A few years ago (before the Internet), I heard that overseeding a lawn

here
in the DC area in January was a good thing to do. The idea was that the
seed would work itself into the soil during the daily freeze/thaw cycles,
and by spring it would germinate and thicken the lawn.

I can't find any references to this practice. Did I dream this, or is

this
still practiced?
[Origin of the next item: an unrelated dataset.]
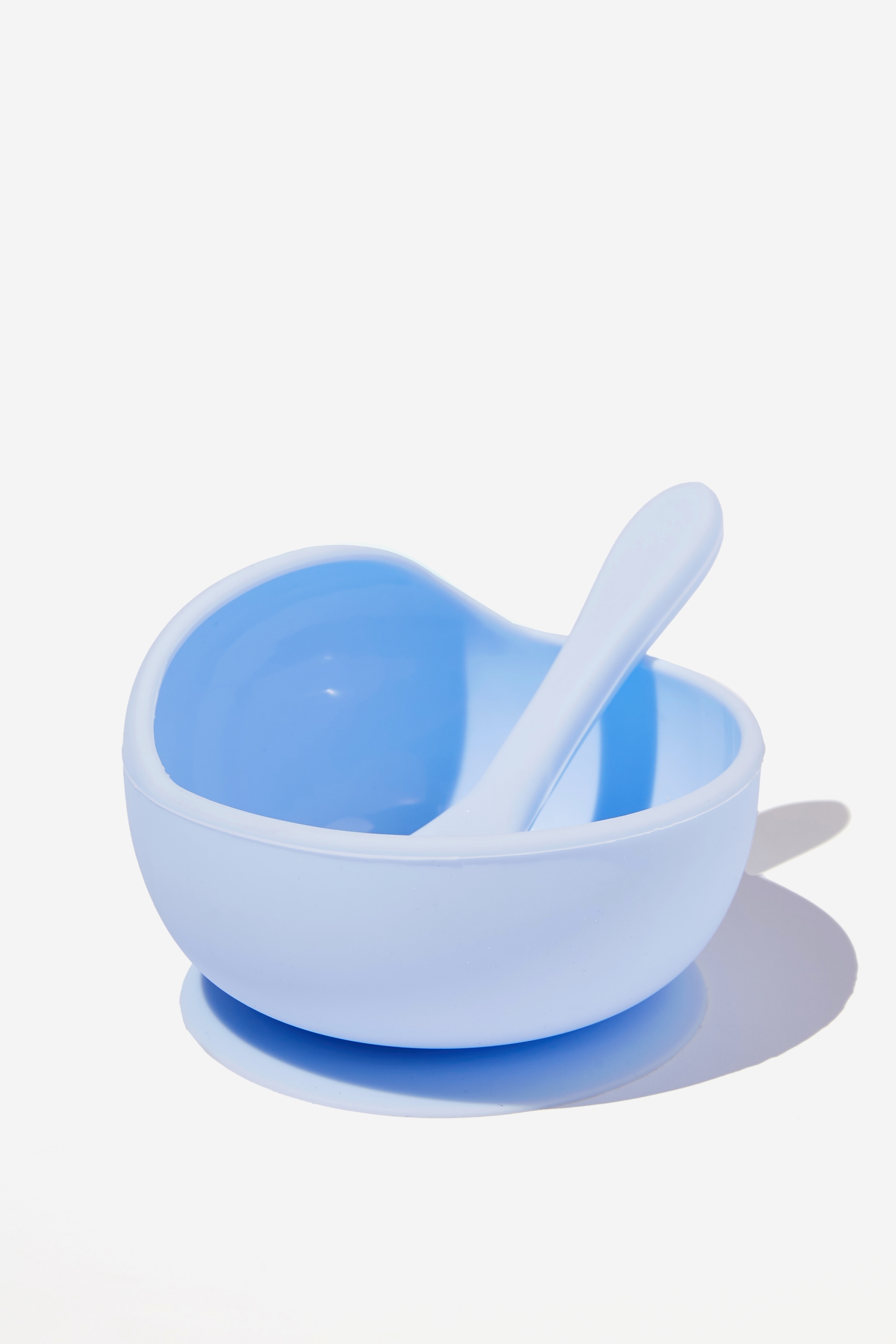 Cotton On Kids - Silicone Bowl And Spoon - Frosty blue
Thanks.


I understood (from my county extension agent father) that it works for
bluegrass, but not so much for fescue
( fwiw, fescue came out fine for the spots where I have winter-planted
fescue).

However, you are supposed to seed just before the snow, not after, so it is
under the snow blanket. (No need to add any annual grasses, btw.)

Apparently most bluegrass needs 10-14 days of cool damp weather to
germinate, and it will definitely germinate under the snow, where it is cool
and damp. (maybe not germinate in 5-10 days, but who cares if it takes three
months when your lawn is under a foot of snow all that time?)

I have used that trick on several problem areas of a 10-acre-complex
grounds, and at home, in places where they have tried to grow grass (in
Minnesota) using "classic" methods with no multi-season success (till/scarf,
straw/hay/burlap, deep watering, etc.).

The "seed as the first snow flakes of the big snow storm are falling"
method worked first time, every time - better yet, those tough spots are
still covered with grass after many years.(Especially successful in "sanded
loam")

FWIW, the winter-planted bluegrass and fescue seems to have developed its
long roots better than the spring/summer method.